Electric potential of the electron sound wave: Sharp disappearance in the superconducting state

TL;DR

This study investigates the ac electric potential generated by electron sound waves in high-purity gallium, revealing a sharp disappearance of this potential in the superconducting state, linked to different behaviors of potential and elastic components.

Contribution

It provides a multiband model explanation for the distinct temperature dependencies of potential and elastic displacement in electron sound waves.

Findings

Potential phase increases with temperature.

Elastic displacement phase decreases with temperature.

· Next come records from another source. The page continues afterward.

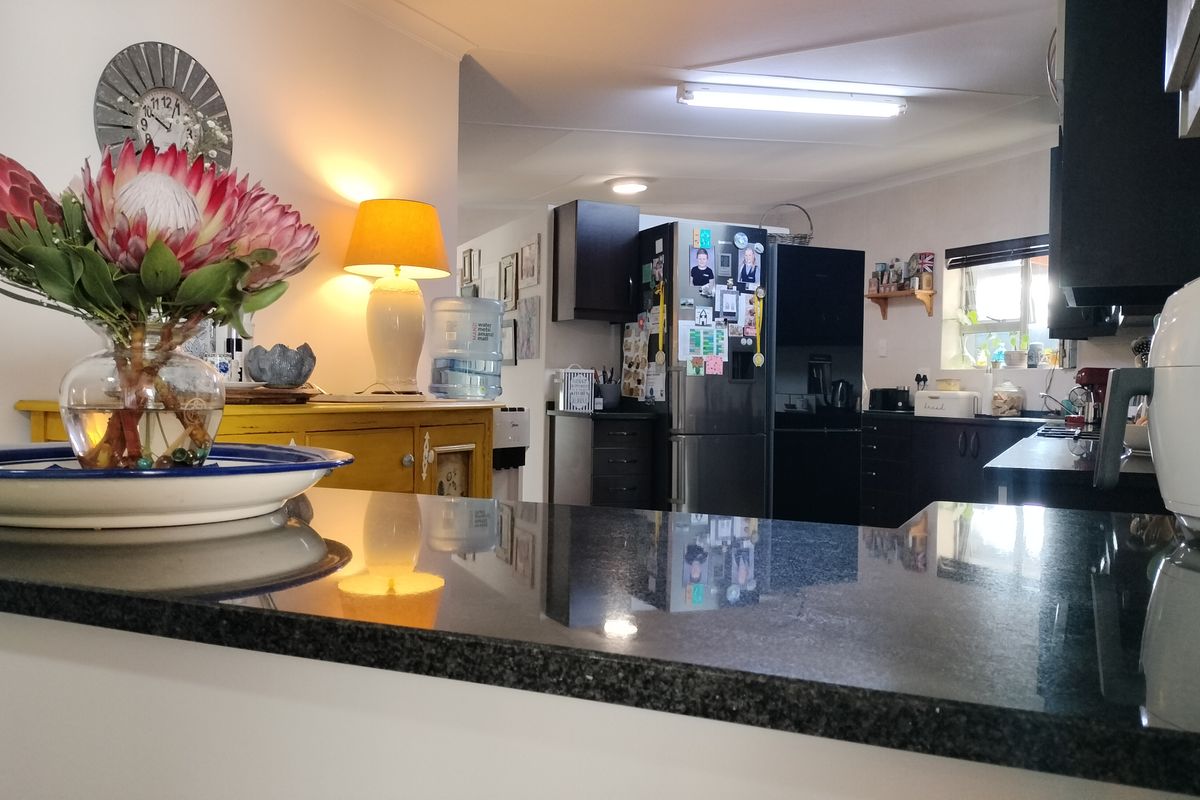 A functional kitchen featuring dark cabinetry and a polished granite breakfast bar, providing a practical workspace for daily meal preparation.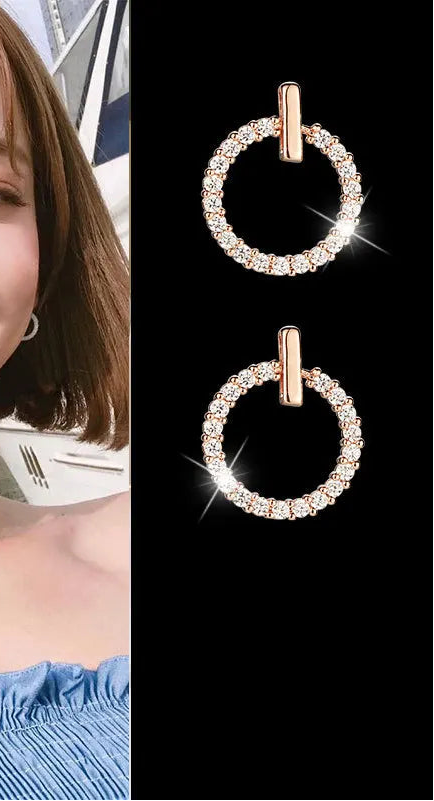 Woman wearing hoop earrings with a close-up of the earrings on a black background.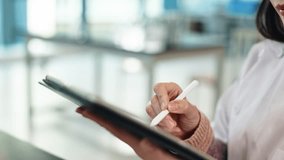 Science, education and hands of woman with tablet for notes, research or study at medical college. Lab, class and Japanese university student with digital app for writing test, exam or online report - Powered by Shutterstock - Get 15% off with code: PIKWIZARD15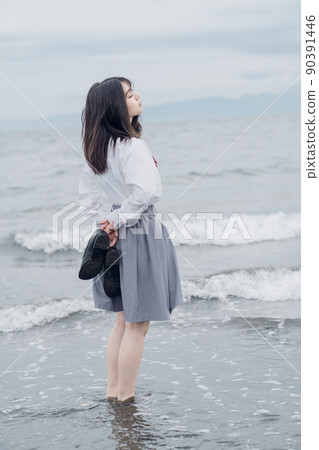 Schoolgirl on the beach 90391446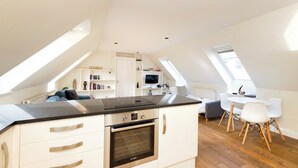 A modern loft apartment with a kitchen, dining area, and a cozy living space. - JOIVY Inviting Flat Near Edinburgh Castle W/ Parking (Edinburgh)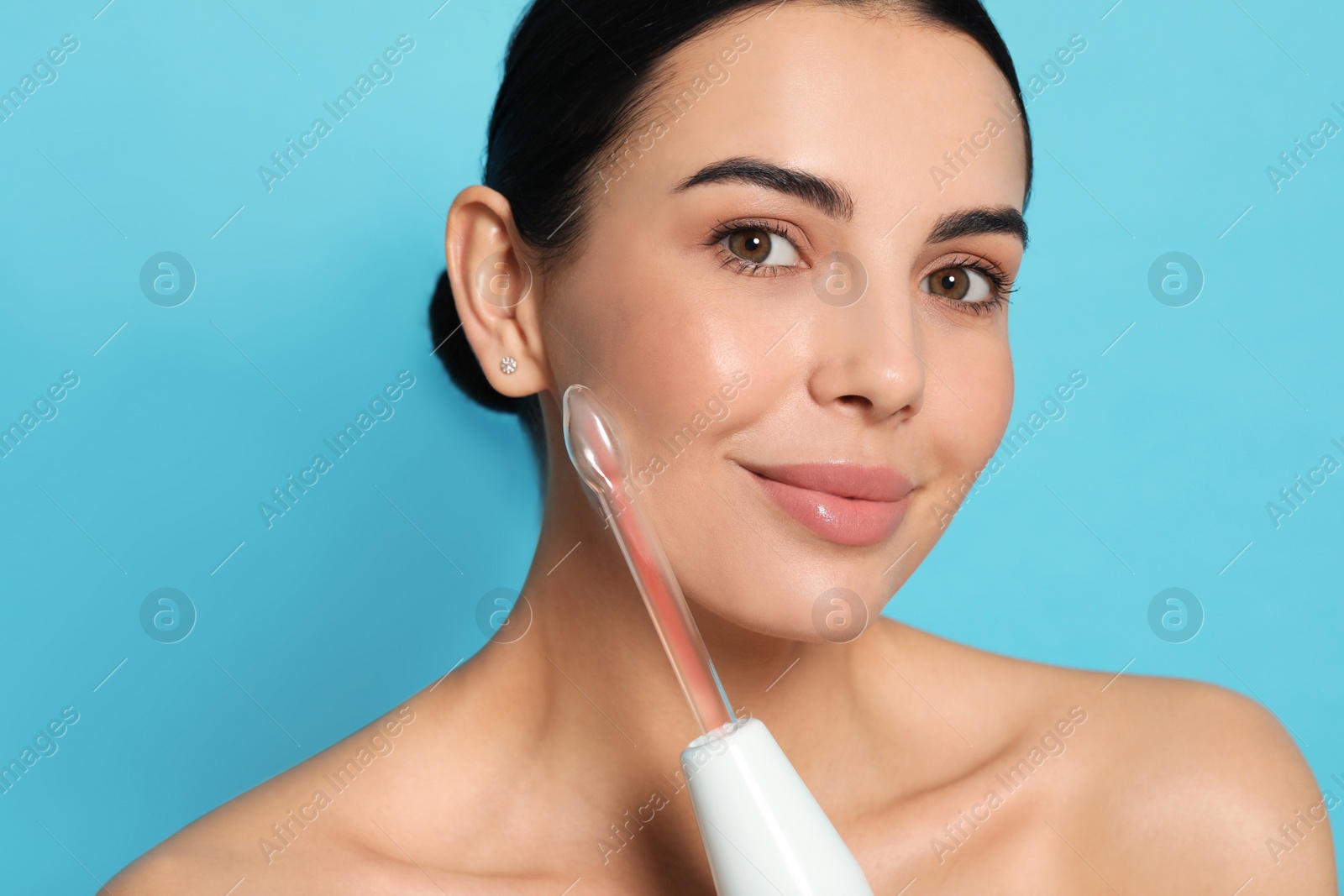 Photo of Woman using high frequency darsonval device on light blue background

Potential disappears abruptly below T_c in the superconducting state.

Abstract

We study the ac electric potential induced by the electron sound wave (a perturbation of the electron distribution function propagating with the Fermi velocity) in single crystals of high purity gallium. The potential and the elastic components of the electron sound demonstrate qualitatively different dependencies on the electron relaxation rate: while the phase of the potential increases with temperature, the phase of elastic displacement decreases. This effect is explained within the multiband model, in which the potential is attributed to the ballistic quasiwave, while the elastic component is associated with the zero-sound wave. We observed a mysterious property of the superconducting state: all manifestations of the potential accompanying the lattice deformations, including usual sound wave, disappear below T_c in almost jumplike manner.